The number of bridge strikes occurring at King Street in Rye Brook continues to decline in 2020.

In the first half of this year, only two trucks struck the King Street Bridge. There were a total of eight bridge strikes at King Street in 2019 and 24 in 2018.

“The trend line at King Street continues to move in a very encouraging direction,” County Executive George Latimer said. “We are monitoring this issue closely and we are continuing to work with New York State to bring the same progress to other areas of the Hutchinson River Parkway.”

The King Street Bridge was struck by vehicles 130 times from 2008 to 2018 – more than any other bridge in New York State. Latimer has made eliminating bridge strikes a priority and has worked closely with the New York State Department of Transportation to find new solutions. 

He said that a $1.8 million state project to mitigate bridge strikes at King Street, completed in the summer of 2019, is getting results. The project included installing an over-height vehicle detection system in advance of the bridge, placing additional warnings on the face of the bridge and installing more signage along Interstate 287 to keep trucks from getting on the Hutch in the first place.

In 2018, the last full year before the State’s project, there were 24 bridge strikes at King Street. In 2019, there were just eight bridge strikes – four of them occurring in the first quarter of the year, before the state improvements began being implemented.

The overall number of bridge strikes in 2020 is also down slightly compared to the same period a year earlier. In the first six months of 2020, there were 36 bridge strikes as follows:  Hutchinson River Parkway, 27; Saw Mill River Parkway, seven; Bronx River Parkway, three.

In 2018 and 2019, there were 86 and 88 bridge strikes, respectively, on those same parkways.

Public Safety Commissioner Thomas A. Gleason said bridge strikes not only pose an inconvenience to motorists but also danger. When tractor trailers or box trucks slam into a bridge, cargo and other debris often spills out on the roadway and endangers anyone driving nearby.
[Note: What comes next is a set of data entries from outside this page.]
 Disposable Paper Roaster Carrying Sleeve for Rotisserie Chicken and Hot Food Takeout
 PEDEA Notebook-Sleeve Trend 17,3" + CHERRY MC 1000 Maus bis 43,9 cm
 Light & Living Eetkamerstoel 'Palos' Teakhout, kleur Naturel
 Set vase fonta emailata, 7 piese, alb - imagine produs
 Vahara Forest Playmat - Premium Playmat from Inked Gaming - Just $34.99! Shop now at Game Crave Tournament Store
“In every bridge strike that occurs, a truck driver has driven past multiple signs, pavement markings and electronic message boards that advise them that trucks are prohibited and low bridges are ahead,” Gleason said. “Driver inattention to signage while blindly following GPS is at the heart of this problem.”

Bridge Strike Background
As part of the State project, enhanced signage and electronic message boards, known formally as Variable Message Signs (VMS), were deployed along Interstate 287 to warn that trucks are prohibited on the Hutch and other designated parkways.  The signs on I-287 signs direct truckers to stay on the interstate and avoid the Hutch.

Many out-of-state truckers involved in bridge strikes have reported to Westchester County Police that they were traveling on I-287 before exiting to get on the Hutchinson River Parkway. Whether they head north or south from that location, truckers soon encounter bridges that are too low to accommodate a box truck or tractor-trailer.
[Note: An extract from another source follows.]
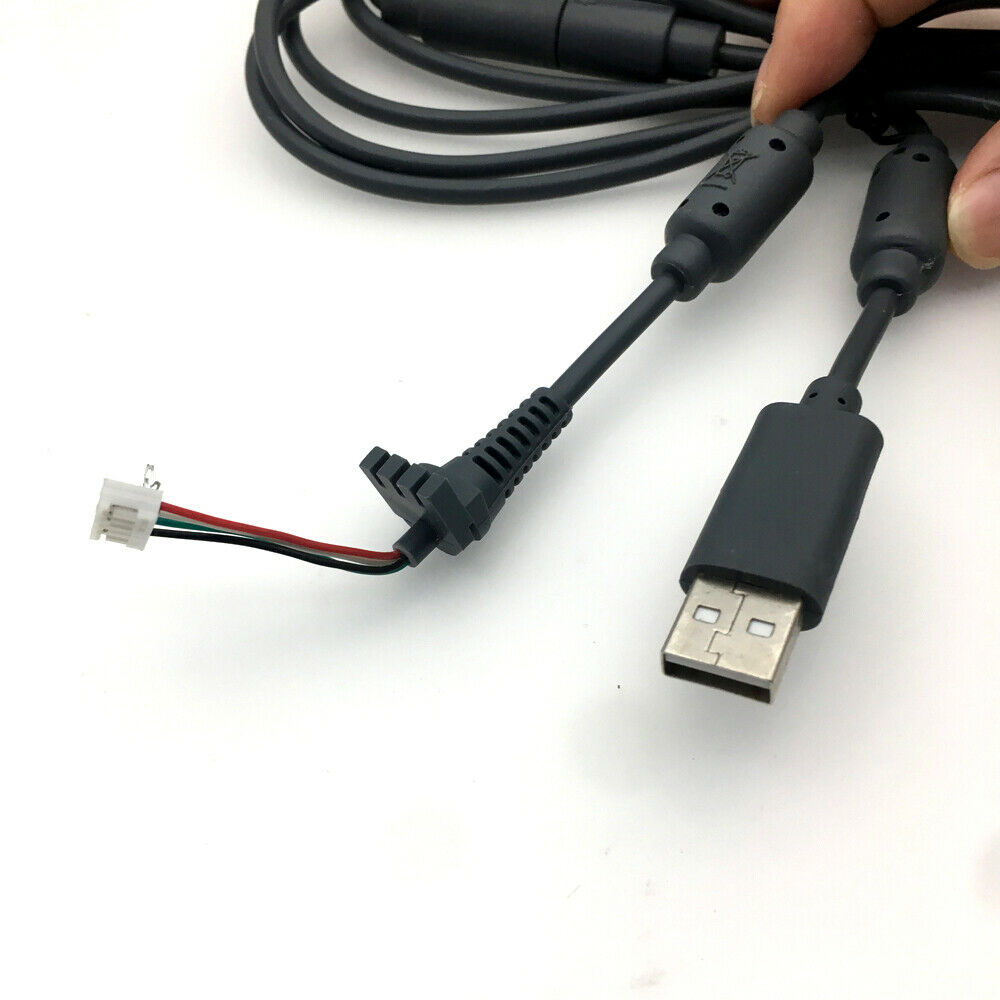Gray USB 4 Pin Line Cord Cable Adapter Replacement For Xbox 360 Wired Controller
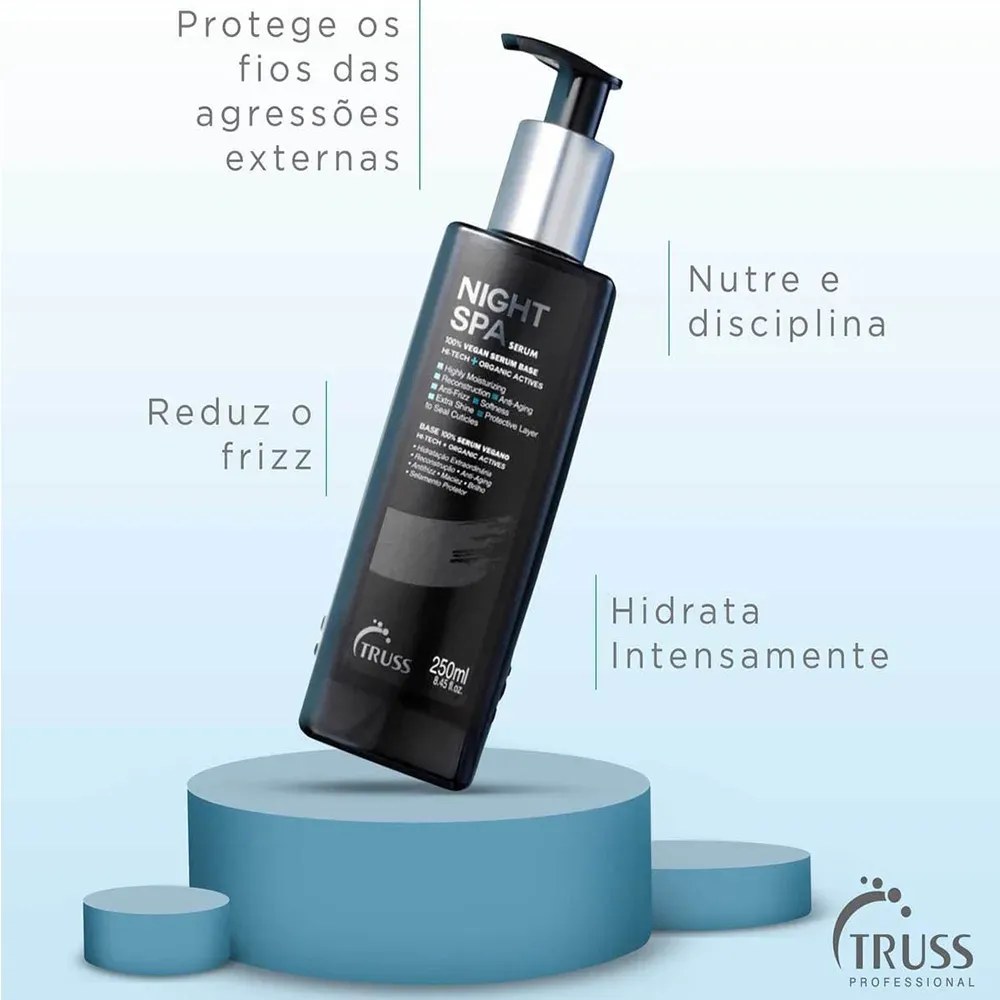 Sérum de Reconstrução Night Spa Truss 250ml — imagem 3 | Farmácia Resyla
The project’s two over-height vehicle detectors are at Exits 26 and 29 of the Hutchinson River Parkway. The detection system includes technology mounted on either side of the road, creating an infrared beam over the parkway.
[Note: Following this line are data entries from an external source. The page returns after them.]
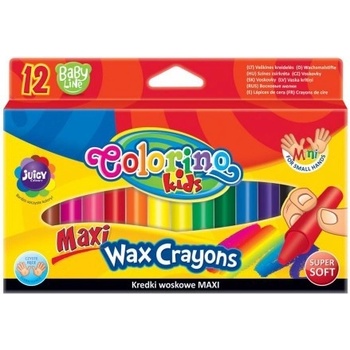 Colorino Kids farebné voskovky 12 ks MAXI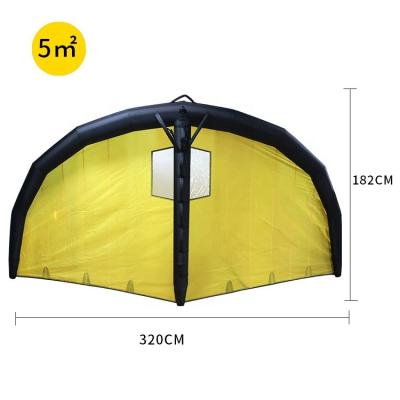 China Water Sports Products Customization 350*200 Aluminum Rear Wing Surfboard Kite Yellow Aluminum Kite Windsurf for sale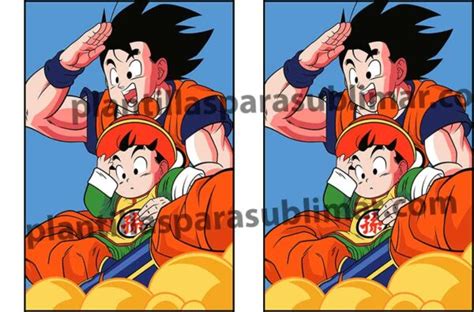 GOKU GOHAN Vector Corte Sublimacion Plantillas Para Sublimar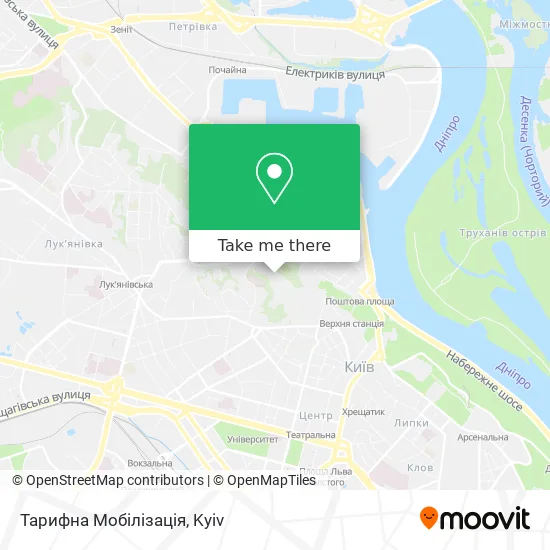 Тарифна Мобілізація map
When an over-height vehicle breaks the beam, the receiver sends a signal and activates a warning message on a VMS, notifying the driver to exit the parkway immediately. An alert is also sent to the County Police and to the New York State Transportation Management Center in Hawthorne.

The new signs and message boards installed last summer were in addition to existing signs, VMS and pavement markings on the Hutch and its entrance ramps. These signs and pavement markings advise NO TRUCKS LOW BRIDGE, Passenger Cars Only and other warnings. Many truckers involved in bridge strikes admit they were inattentive to the signs and were relying on a GPS program on their personal phone rather than a GPS device designed to guide commercial vehicles.

The newest signage includes a variety of new messages on the Hutch or I-287 near the Hutch interchange, including:

  • Low Bridges Ahead
  • Trucks Exit Now
  • All Trucks Buses RVs Must Exit
  • Trucks Do Not Use Phone GPS
  • Trucks Stay on I-287
  • Low Bridge on Exit 9N
  • No Trucks Buses RVs on Parkways – Low Bridges
  • Trucks to Conn Whitestone Bridge Must Use Exit 12.

Reflective red triangles were placed on the bridge structures to enhance a trucker’s ability to see a low bridge ahead in the dark.

The County police issue multiple summonses to truckers involved in bridge strikes. It also works with the trucking company’s insurance provider to obtain reimbursement for the police time spent at these incidents.